Given information »
________________________

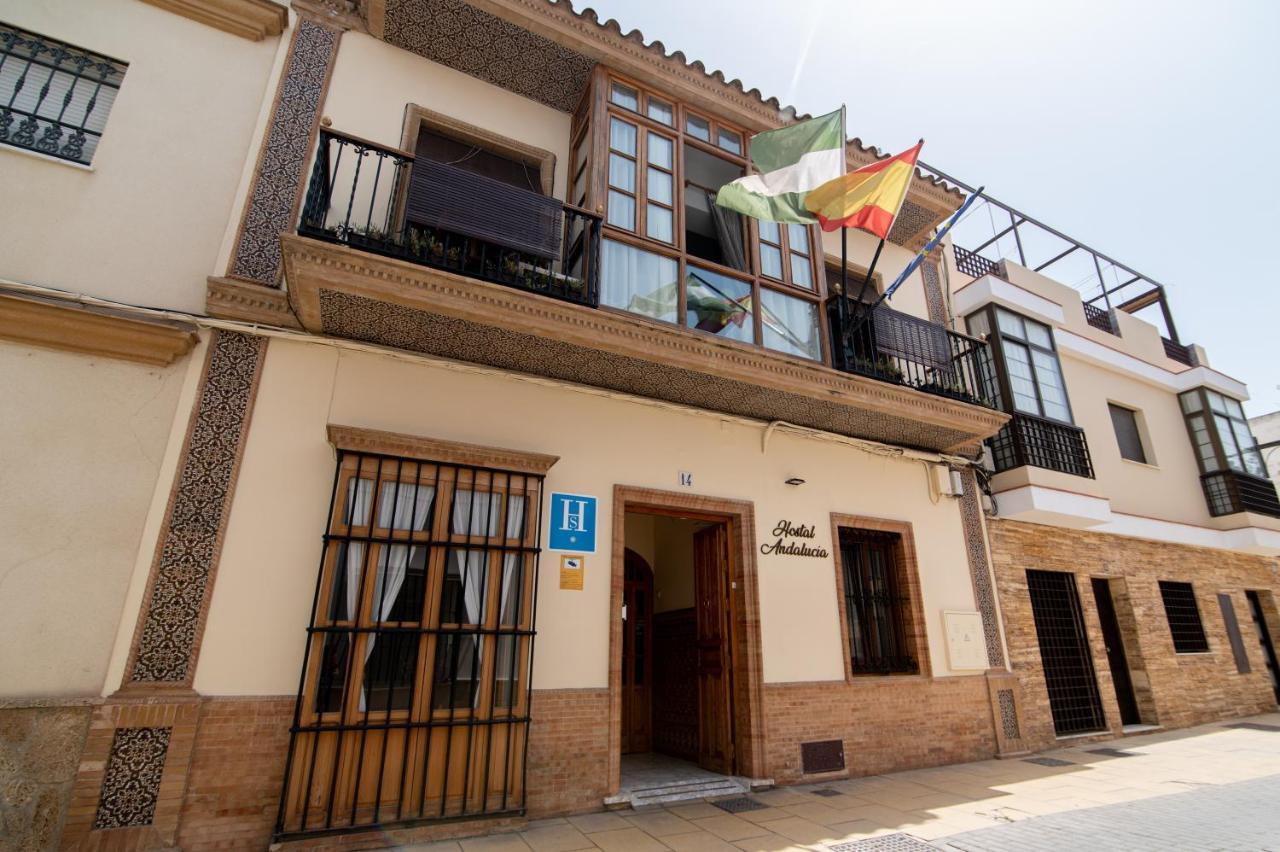 Hostal Andalucia Chipiona Extérieur photo
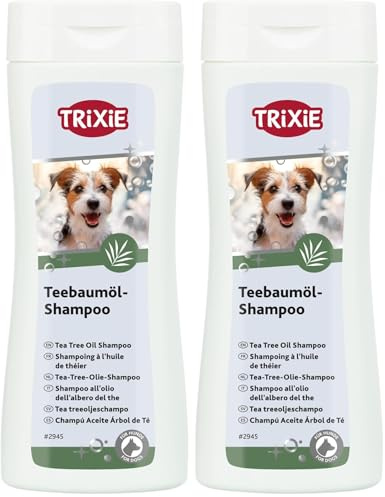 TX-2945 Tea Tree Oil Shampoo 250ML (Packung mit 2)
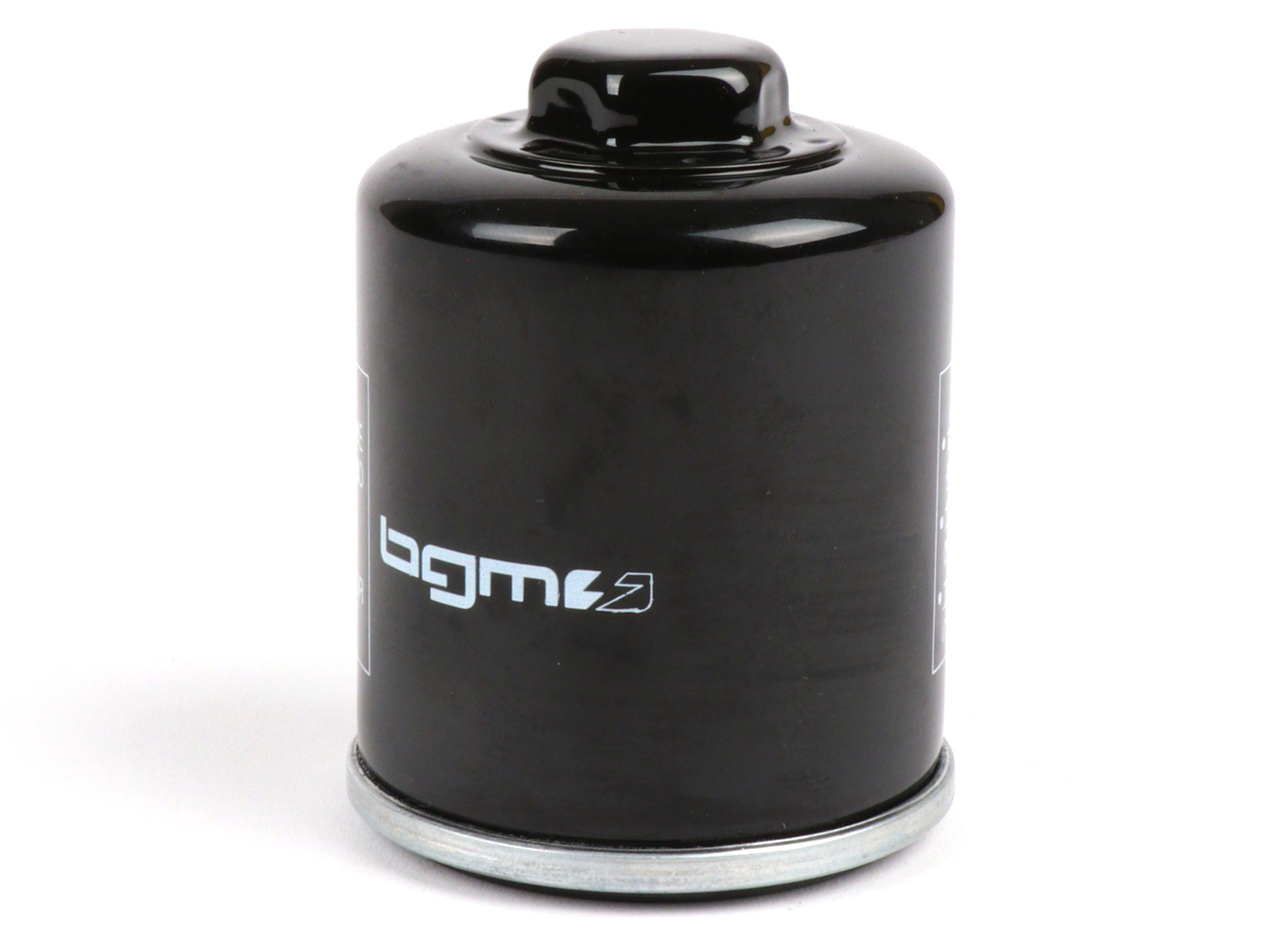 Alyvos filtras -BGM Quick Mount- Piaggio 125-200cc Leader, 250-300cc Quasar/HPE - su šešiakampe galvute (WS=21) - tinka pvz. Vespa GTS125-300, HPE, iGet, GT, GTV, GTL, Sprint/Primavera 125, Runner VX125, VXR180, Aprilia Sport City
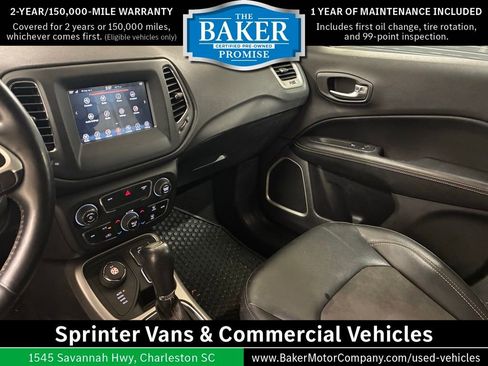 Used 2019 Jeep Compass Latitude w/ Cold Weather Group AWD/4WD image 23
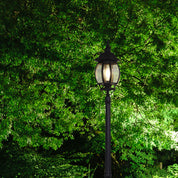 HIGHGATE TOP and POST - Traditional Outdoor 224cm Post Light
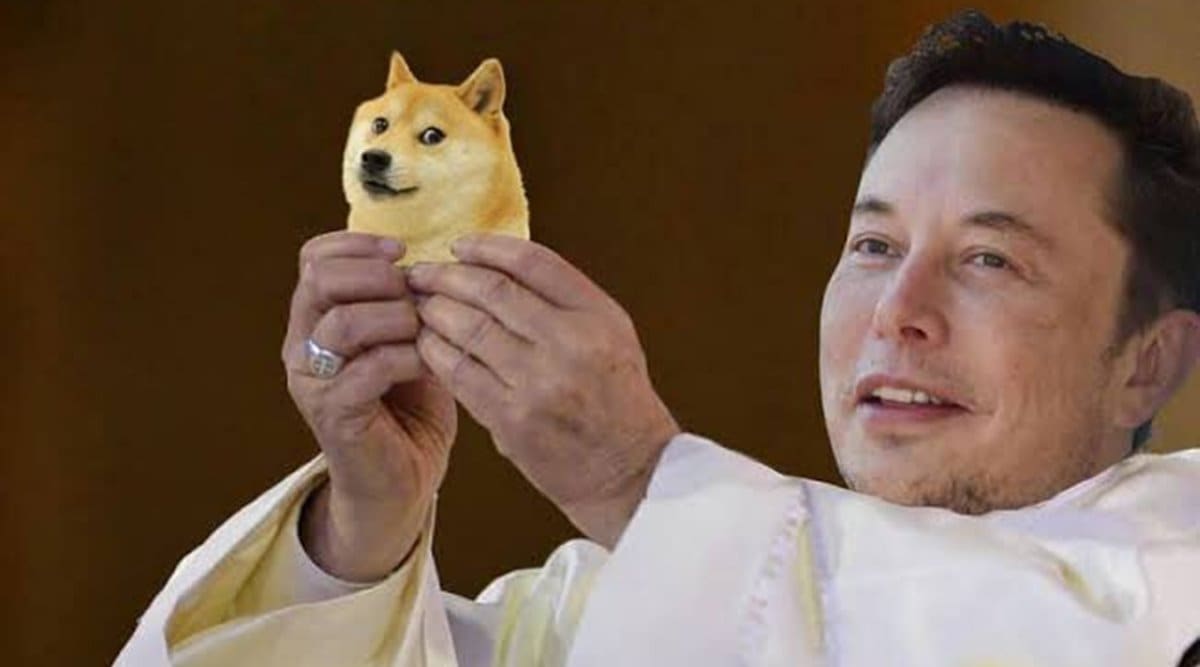 Dogecoin Price Spikes After Elon Musk S Snl Appearance Tweet Memes Take Over Twitter Trending News The Indian Express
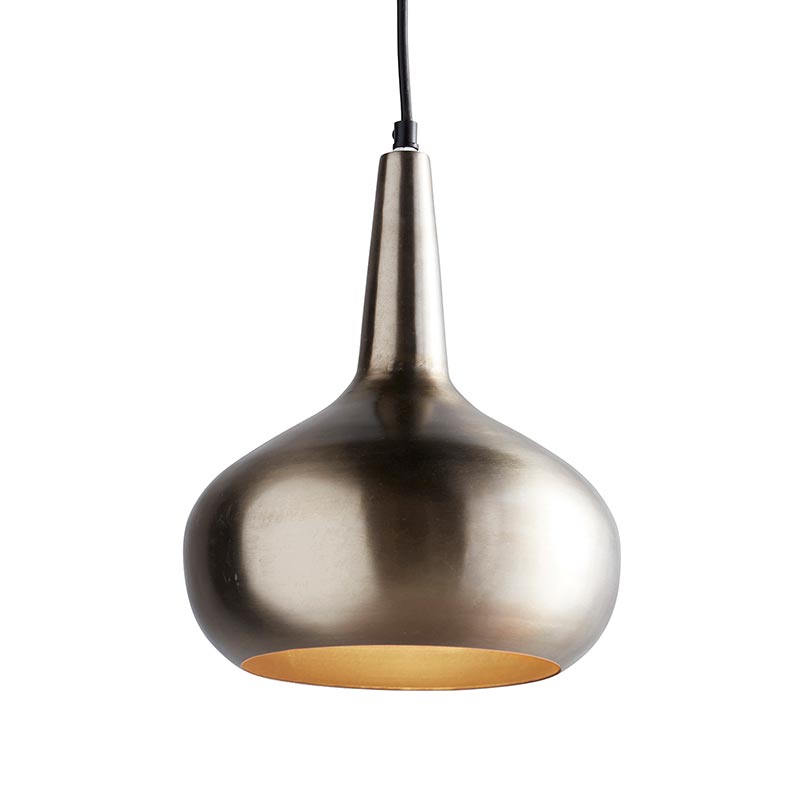 Iron Modern Pendant Light - Bombay Mercantile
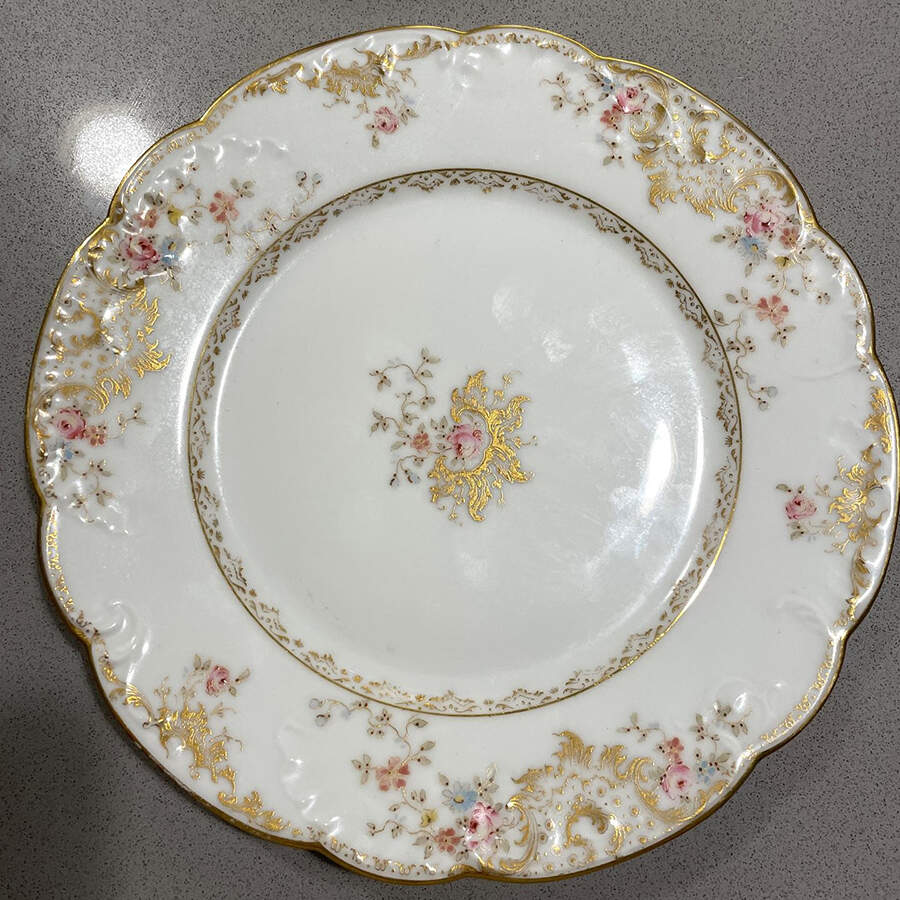 H1709 Salad Plate by Haviland-1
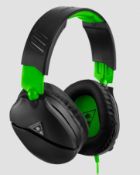 (139/C6) Lot RRP £119.96. 4x Turtle Beach Recon 70 Gaming Headset Green RRP £29.99 Each.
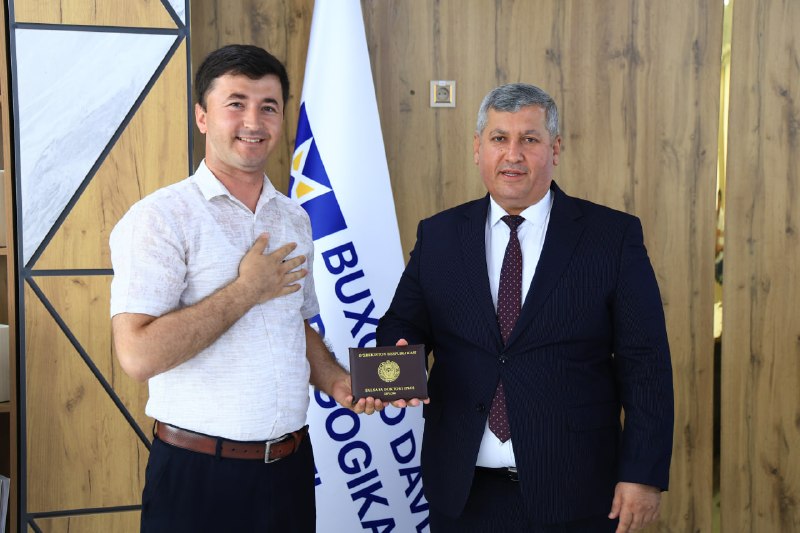 Buxoro davlat instituti Kengashining 2025-2026 o'quv yili 11-sonli yig'ilishi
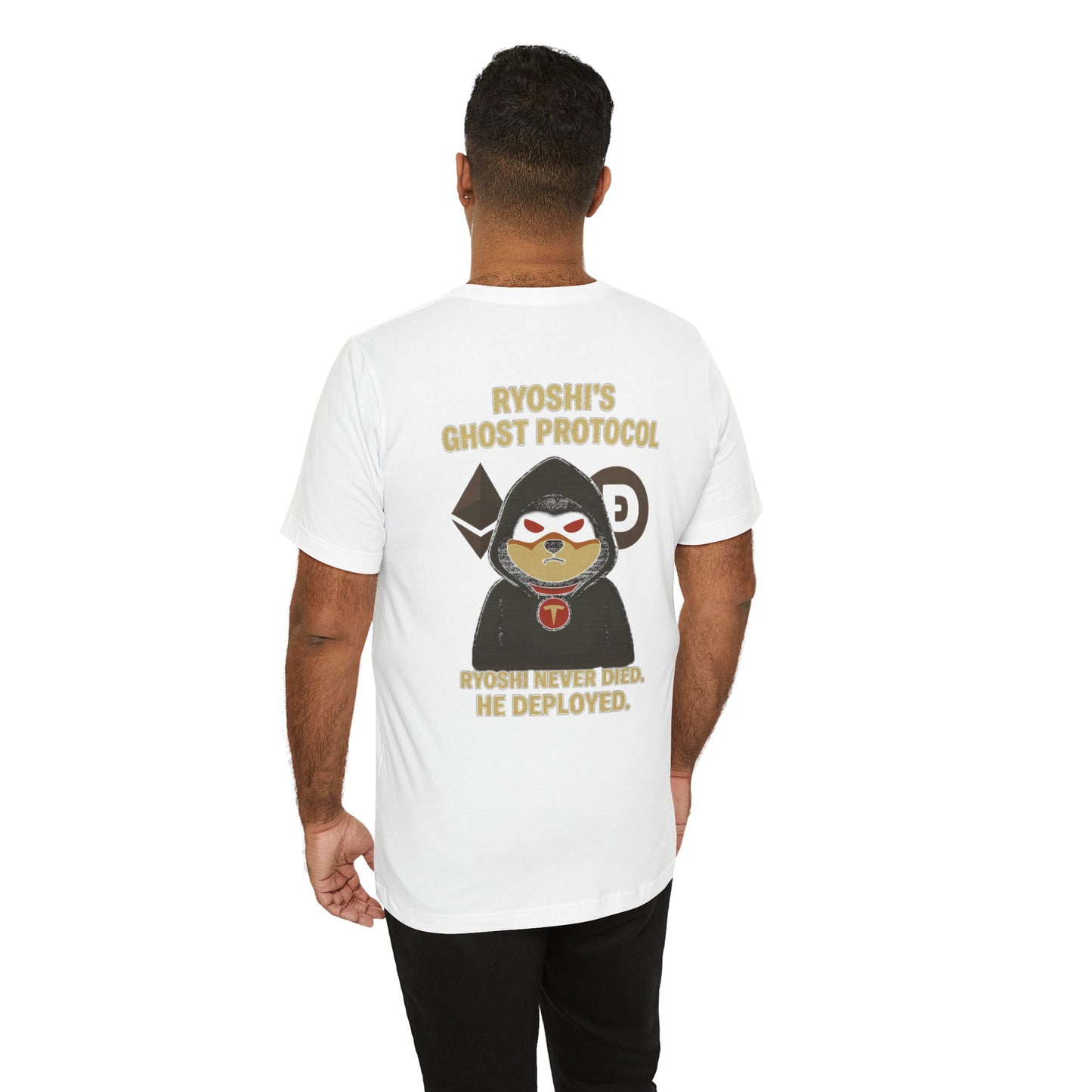 SHIB/ “Ryoshi’s Ghost Protocol” Tee
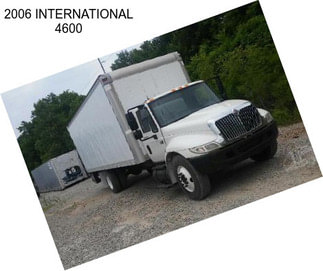 2006 INTERNATIONAL 4600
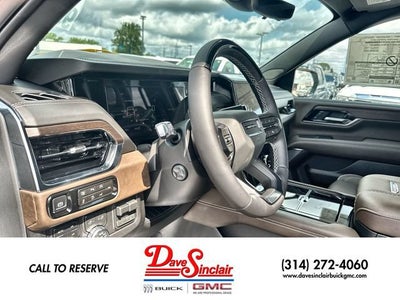2026 GMC Yukon XL Denali Ultimate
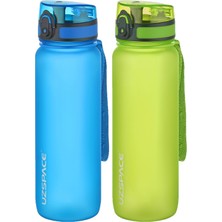 Feyza Design 2'li Tritan Matara Seti 800ML, 14 Renk Seçeneği, Sağlıklı ve Şık Tasarım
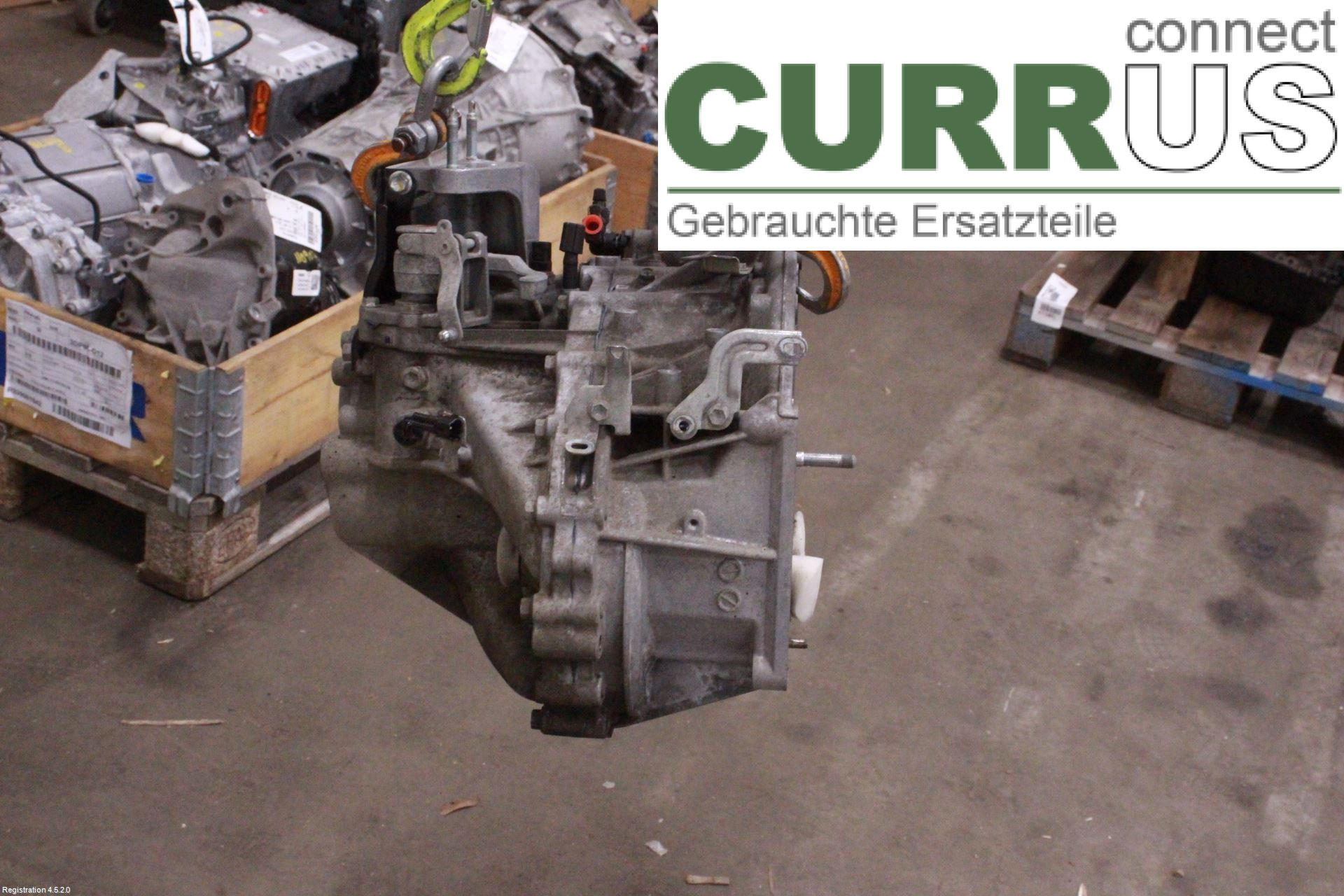 SUZUKI S-CROSS  14- Gearbox (6-speed) 2472162MA0 D16AA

________________________

Exercise brief »
Take the lines of the material above from the first through the one containing "H1709 Salad Plate by Haviland-1", both included, and print them exactly without the pictures.

Worked solution »
 Hostal Andalucia Chipiona Extérieur photo
 TX-2945 Tea Tree Oil Shampoo 250ML (Packung mit 2)
 Alyvos filtras -BGM Quick Mount- Piaggio 125-200cc Leader, 250-300cc Quasar/HPE - su šešiakampe galvute (WS=21) - tinka pvz. Vespa GTS125-300, HPE, iGet, GT, GTV, GTL, Sprint/Primavera 125, Runner VX125, VXR180, Aprilia Sport City
 Used 2019 Jeep Compass Latitude w/ Cold Weather Group AWD/4WD image 23
 HIGHGATE TOP and POST - Traditional Outdoor 224cm Post Light
 Dogecoin Price Spikes After Elon Musk S Snl Appearance Tweet Memes Take Over Twitter Trending News The Indian Express
 Iron Modern Pendant Light - Bombay Mercantile
 H1709 Salad Plate by Haviland-1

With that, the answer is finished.